* _EXERCISE AIM_
Would you return the full listing exactly, with nothing altered?

* _SUPPLIED DATA_
□ □ □ □

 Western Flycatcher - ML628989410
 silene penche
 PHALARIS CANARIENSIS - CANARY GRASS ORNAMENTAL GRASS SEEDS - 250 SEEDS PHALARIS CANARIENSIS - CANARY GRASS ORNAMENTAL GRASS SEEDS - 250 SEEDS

□ □ □ □

* _RESPONSE TO THIS EXERCISE_
 Western Flycatcher - ML628989410
 silene penche
 PHALARIS CANARIENSIS - CANARY GRASS ORNAMENTAL GRASS SEEDS - 250 SEEDS PHALARIS CANARIENSIS - CANARY GRASS ORNAMENTAL GRASS SEEDS - 250 SEEDS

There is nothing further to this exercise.